Nachdem Herr Schatz die gestrige Suppe erst lecker und dann „zu fettig“ fand (was ich nach wie vor nicht verstehe, mich sehr verletzt hat und zu einer handfesten Krise im feuchtfroehlichen Haushalt führte ;-)), gibt es heute etwas aus meinem Kernkompetenzbereich: Kuchen!

Dass beim Backen was schief gegangen ist, ist schon lange her. Ich denke ich bin auf der sicheren Seite mit diesem Schoko Birnen Kuchen. Hoffentlich.

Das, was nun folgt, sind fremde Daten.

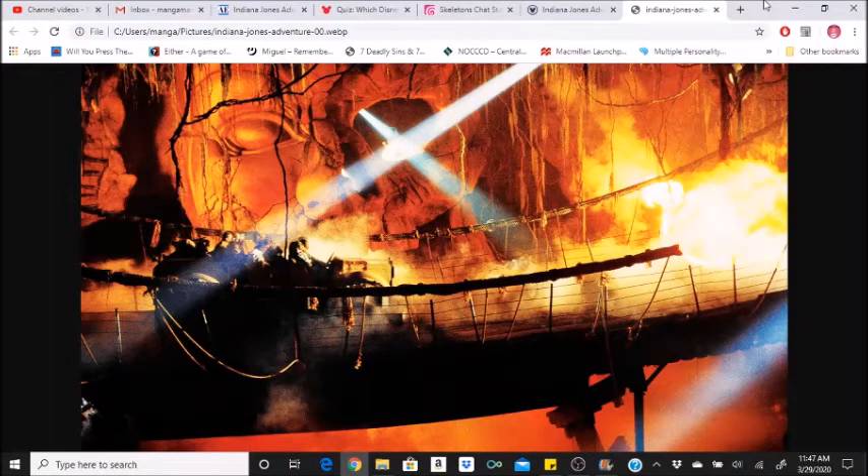Listen to the Indy figure at the end of the ride — he has several different comments. Likewise, as you approach the unloading area, you will hear Sallah make a comment appropriate to which door of the temple you went through. Just after the newsreel section, the queue passes by Indy's office. This area has props from some of the Indiana Jones movies.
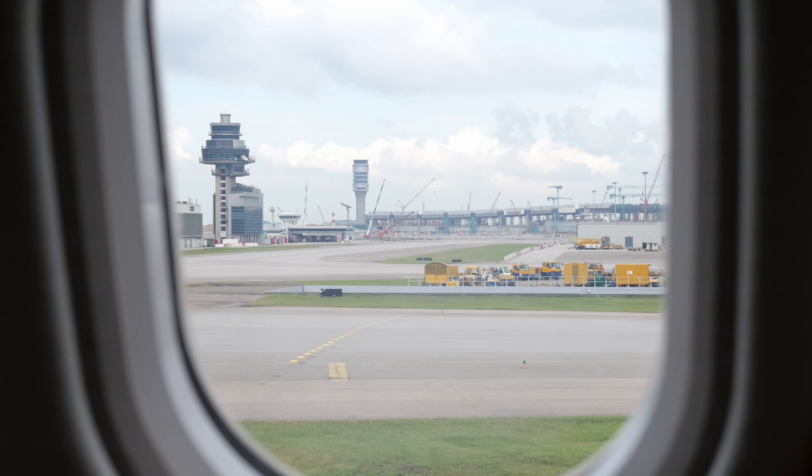Now that we've taken off, it's time to prepare for the meal. I pulled out the large foldable table from under the screen and also got a champagne during the process. Now let's get into the meal.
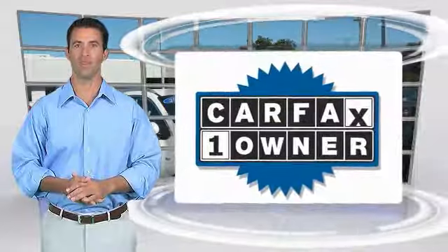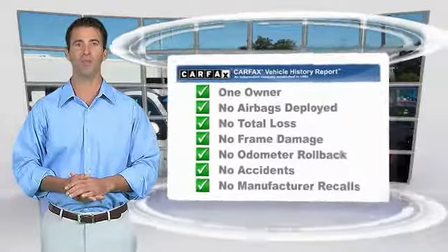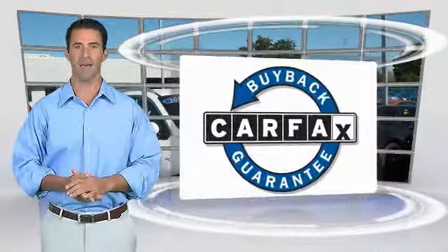This is a one-owner vehicle with the Carfax Vehicle History Report. Be sure to find a complimentary copy of this report online or contact the dealership. This vehicle qualifies for the Carfax Buyback Guarantee.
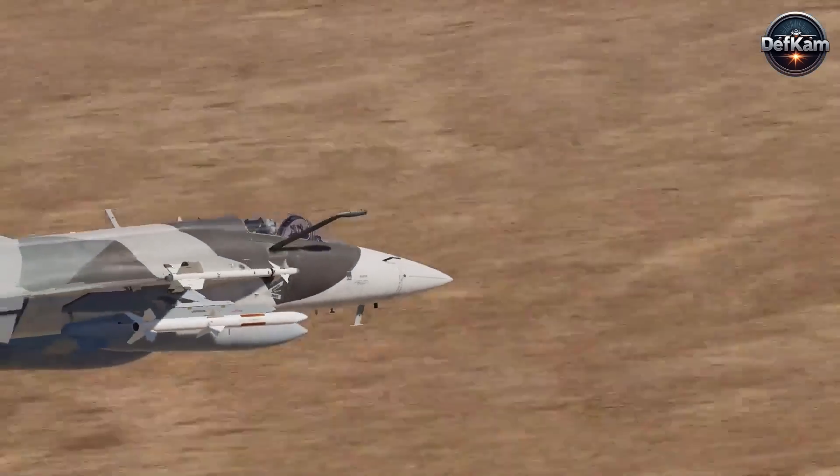As Project PFX progresses, the JF-17 will serve as the testbed for both systems' validation and doctrine evolution. Each engine, radar, missile, and software iteration will be fielded, tested, evaluated, and refined on a live airframe that already has operational credibility. The shift from foreign to domestic air-to-air missile testing, both in short-range and long-range domains, will allow tighter software-hardware loops, faster correction cycles, and sovereign optimization. The aircraft's mission computer is designed to adapt new weapons through modular integration protocols, allowing Pakistan to bypass legacy supplier dependencies and field custom-configured weapon sets across varying platforms.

Zutaten für eine Kastenform:

  • 350 g feste Birnen
  • 3 Eier
  • 250 g Zucker
  • 125 ml neutrales Öl
  • 250 g Mehl
  • 3 El Kakaopulver
  • 1/2 Tl Zimt
  • 1 Pck. Backpulver
  • 50 ml Milch
  • 150 g gehackte Mandeln
  • 200 g dunkle Kuchenglasur

Zubereitung:

Den Ofen vorheizen: 180°C Ober/Unterhitze oder 160°C Umluft. Ich werde dieses Jahr total verrückt öfter mal Umluft probieren; mir ist nämlich einfach gar nicht klar, was wofür taugt und was nicht und ich nehme traditionell Ober/Unterhitze, weil ich total lange an einem Herd ohne Umluft gebacken habe.

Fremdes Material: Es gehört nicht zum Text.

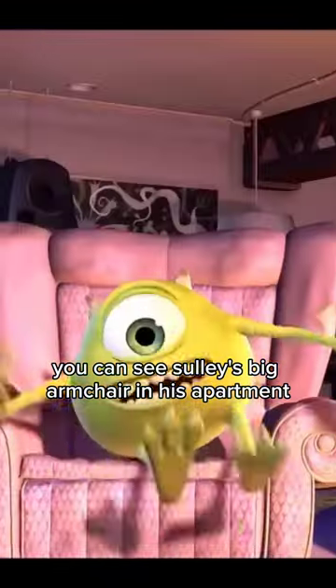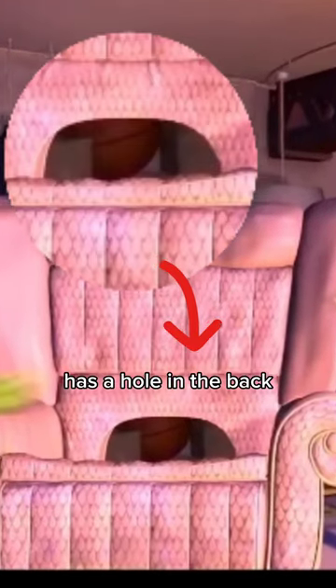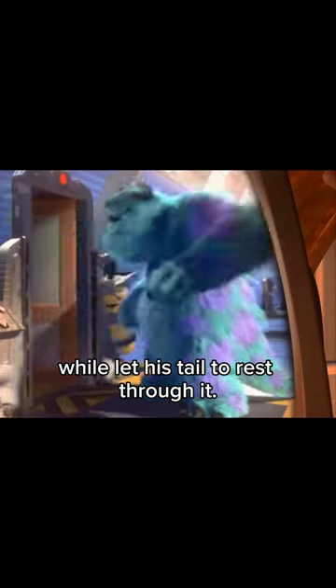On the other hand, you can see Sully's big armchair in his apartment has a hole in the back, because it's specifically designed for him so he can sit comfortably while letting his tail rest through it.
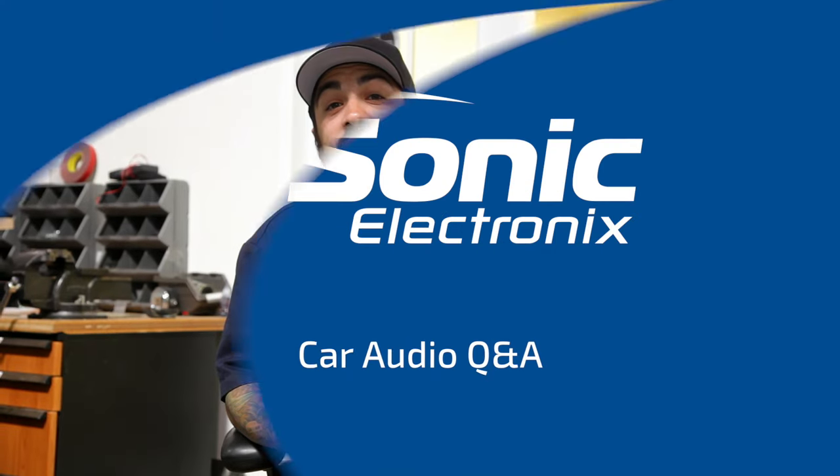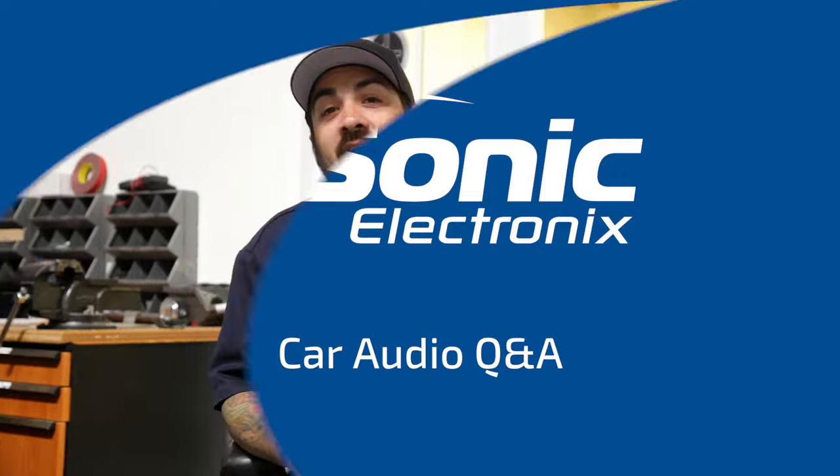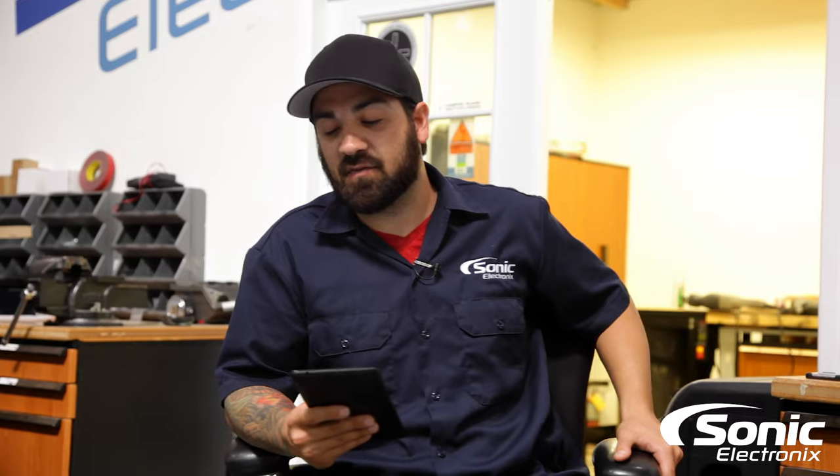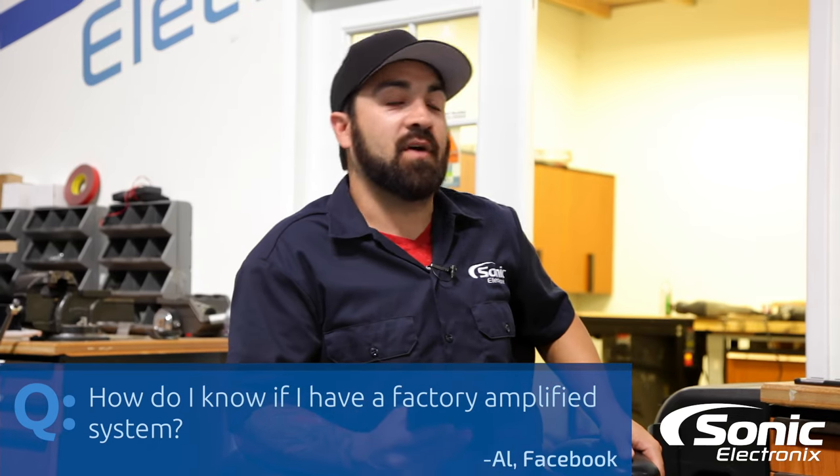Hey, what's up guys. Alan here with another Q&A and today we're going to be talking about factory amplifiers. Just like we stated in the intro, the question that we have today is actually from Facebook, from Al. We'll protect the rest of his identity by not revealing his last name. Pretty much the question that we have here is: how do I know if I have a factory amplified system?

Die Mandeln in einer Pfanne ohne Fett rösten. Das ist jetzt kein „Muss“ aber wir wissen doch, dass die dann besser schmecken! Das gilt übrigens nur bis zur Farbstufe goldbraun, danach schmecken sie bitter und sogar weniger gut, als die nicht gerösteten!

Die Form fetten und mehlen. Außer man hat so ne Superduperkastenform wie ich, von Kaiser vom Flohmarkt für 2 €, deren Antihaftdingens echt total super ist- dann kann man sich das sparen! Gott war ich froh, als ich die (nach einer halben Stunde Gesuche in unserem neuen Riesenkeller) wiedergefunden hab!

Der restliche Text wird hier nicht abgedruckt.